Audi's Virtual Cockpit: What is it?

By Admin Reading time: 8 min read Published on: 01 / 01 / 2022
blog image

Most modern vehicles include a digital instrument cluster as standard equipment or an option. A customisable screen replaces the typical analogue speedometer and rev counter behind the steering wheel with these digital gauges.

Audi's Virtual Cockpit technology was one of the first to hit the market, setting a high standard for other automakers to follow. So should you pay the additional money to go digital if you're speccing a newAudi digital dashboardat your local dealership and the salesman advises you to upgrade to the system?

What exactly is the Audi Virtual Cockpit?

Audi digital cockpit replaces traditional analogue instruments with a flexible TFT display. That means you can utilise it similarly to an infotainment system, bringing up everything from music playlists to navigation instructions — and everything in between.

It's not a touchscreen and typically depends on voice control or steering-wheel-mounted controls to work. But, because of the VW Group's magic, it's nearly totally found across the Audi cockpitcar, with additional variants, such as VW's Active Info display, placed in other VAG group cars. Want to learn about the Audi Cockpit origins, what it can accomplish for you, and why it's worth specifying in your next vehicle?

Audi Virtual Cockpit plus: are they that new?

If you're a car enthusiast over the age of 35, two childhood memories will come flooding back: KITT from Knight Rider and the Mk2 Vauxhall Astra GTE.

Forget about the General Motors link; all a 10-year-old cared about was the garish, primary-coloured palette of digital dials. Not only did they look great, but they also gave the impression that the future had arrived in the mid-1980s, especially since your parents' vehicle clocks were analogue and backlit in Mateus Rose bottle green.

Motor shows and magazines have been forecasting all kinds of LCD and LED instruments since the invention of the pocket calculator more than a decade before. Still, when they eventually became available, the purchasing public was not always thrilled.

Austin's attempt to tszuj-up the Maestro with a digital speedometer and voice warnings failed, while Fiat's full-width electronic-fest in the first-generation Tipo didn't last as long as the car it was put on.

This meant that digital instruments remained the exception rather than the rule, contrary to popular belief, rather than becoming mainstream by the 1990s.

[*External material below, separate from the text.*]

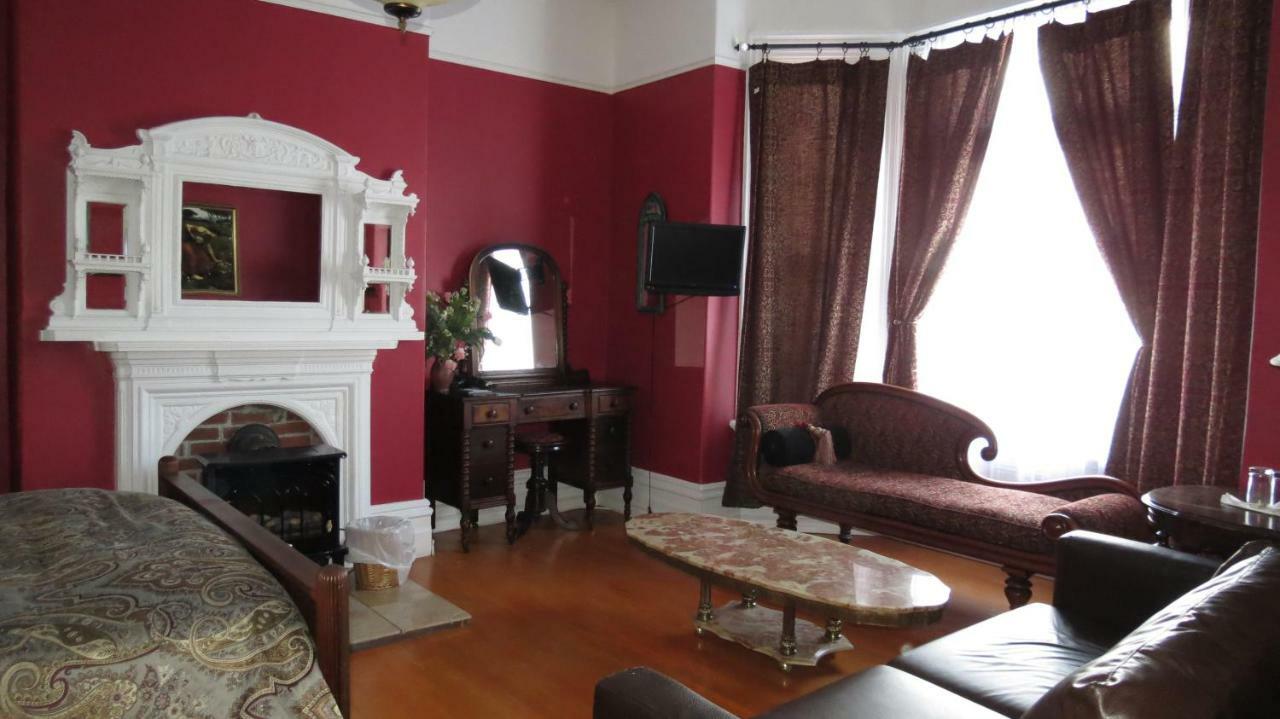 The Roses Heritage Inn St. John's Bagian luar foto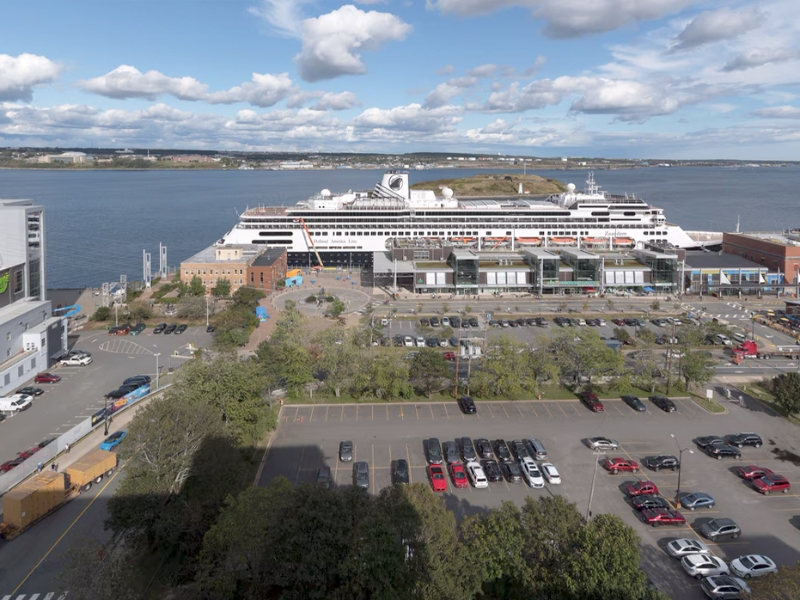 Guestroom Harbor View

Maybe till now.

So, what's new about the Audi Virtual Cockpit?

The proliferation of smartphones and tablets has lowered the unit cost of small, programmable LCD panels, making them more financially appealing to automakers. In addition, consumers are gradually growing more interested in them as an optional extra — Volkswagen normally charges £600 for its Active Info Display – but they are a few years away from being standard installation across significant models.

What is certain is that an increasing number of new and refreshed models are available with both traditional instruments (or, as Mercedes refers to them, 'Tubular Dials,' which isn't a little-known Mike Oldfield record) and some adaptive electronic display (the Comand Digital Instrument Panel in Benzspeak).

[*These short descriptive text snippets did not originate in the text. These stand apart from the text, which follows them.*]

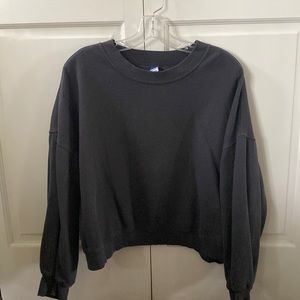 NWOT Old Navy Cropped Long Sleeve Gray Vintage Crewneck Sweatshirt for Women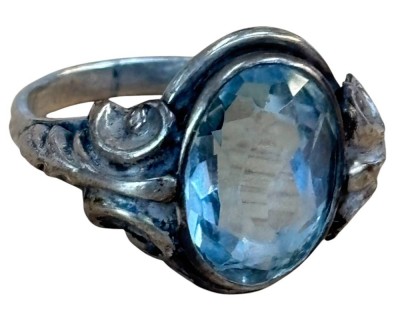 Auktion 362<br>alter Silberrinbg-800- mit blauen Stein, RG 52, 3,7 gr [1]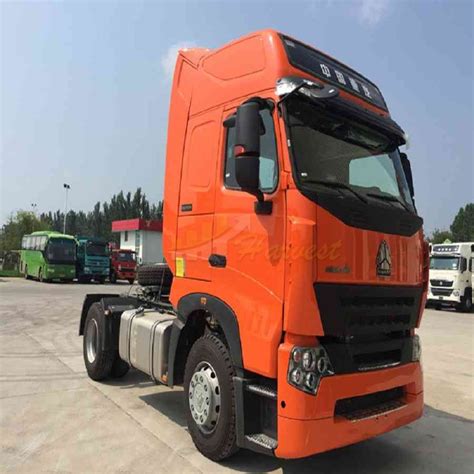 Howo A7 6 Wheelers Prime Mover Price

Audi Virtual Cockpit: why have it?

Aside from the fact that they appear friendly, similar to a Head-Up Display system, an adaptable instrument binnacle is one of those technological advances that makes you wonder how you ever got by without it.

They invariably allow the driver to customise the appearance and size of the instruments and the scope and depth of data provided at a glance.

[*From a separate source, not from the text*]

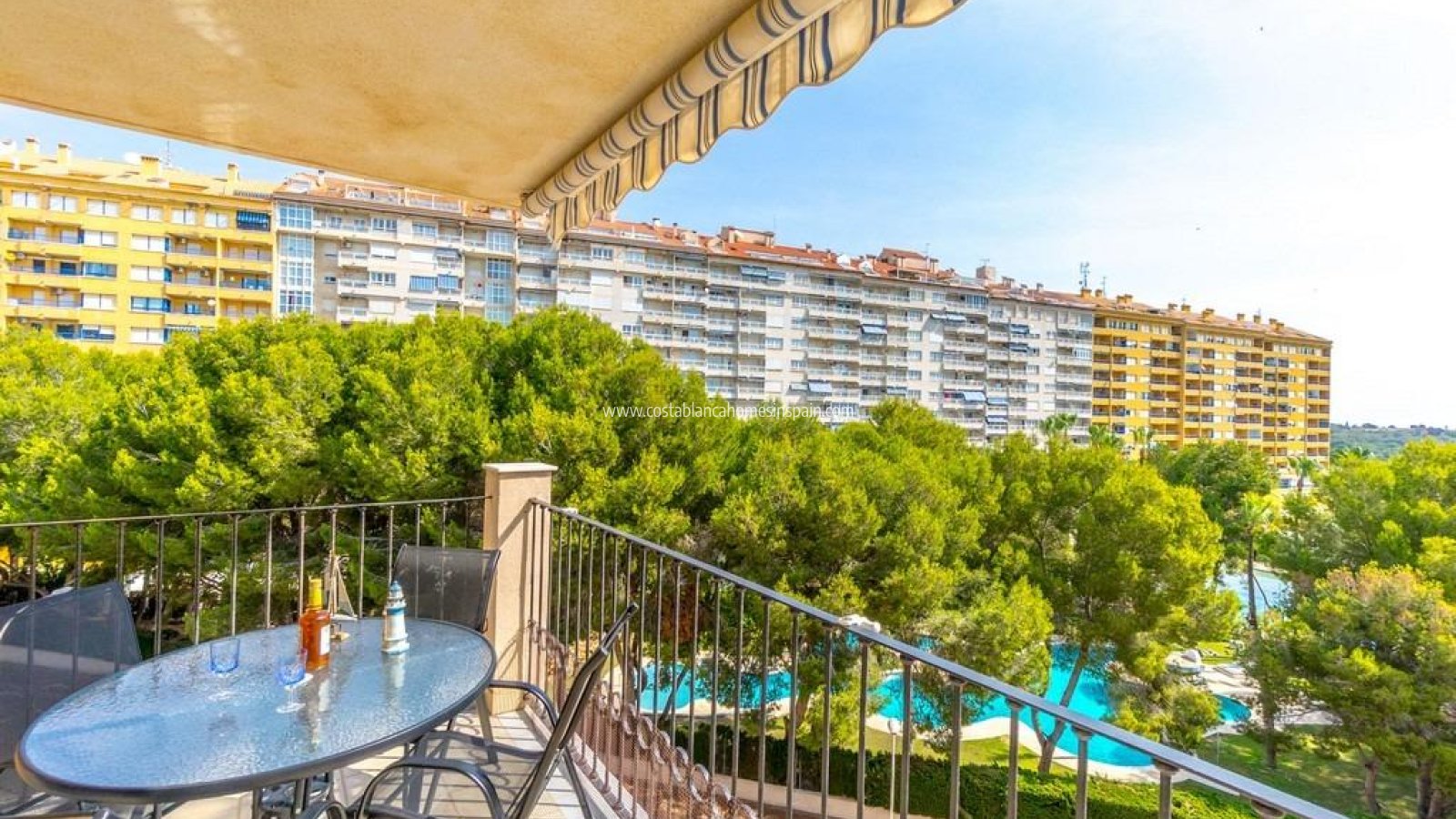 Resale - Apartment - Orihuela Costa - Campoamor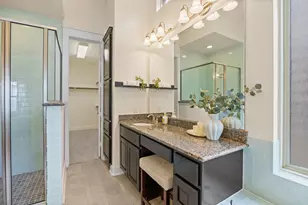 1217 Hobbs Reach Ln, Houston, TX 77008 - Photo 16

In addition to digging through various fuel efficiency and eco-driving statistics, the Virtual Cockpit will display information about what you're listening to on the radio, who you're talking to on the phone, or, on high-performance S- and RS-gradevirtual cockpit google maps, data about tire temperatures and G-forces pulled while cornering.

But, for some reason, it always appears to be the sat-nav – or, more precisely, generated satellite imagery with superimposed maps – that has your passengers gaping. If you allowed them, they'd have you driving around the block.

Audi Virtual Cockpit: but you can get all that on a standard screen?

You can, but having the map and turn-by-turn directions displayed from just below your driving eyeliner seems much more natural when driving. And in today's automobiles, with so many other things competing for your attention – even before the kids are on board – that has to be safer.

There's already evidence of patterns shifting, with newer display systems abandoning previous skeuomorphic designs favouring flatter visuals, mirroring what's happening in the smartphone market. After all, shouldn't anything created in the digital era appear, well, digital?

So, the future we were promised three decades ago has finally arrived, which means we'll be writing the epitaph for classic analog dials shortly. Or are we?

Well, perhaps not. As google maps Audi virtual cockpit become more common in the general automobile market over the next decade, discriminating, premium clients seek something that expresses their uniqueness more conventionally, possibly through hand-crafted dials designed with Swiss watch perfection. Looking for used Audi Cars Online? ABE offers the best pre-owned luxury Audi cars models like A4, A6, Q7 etc.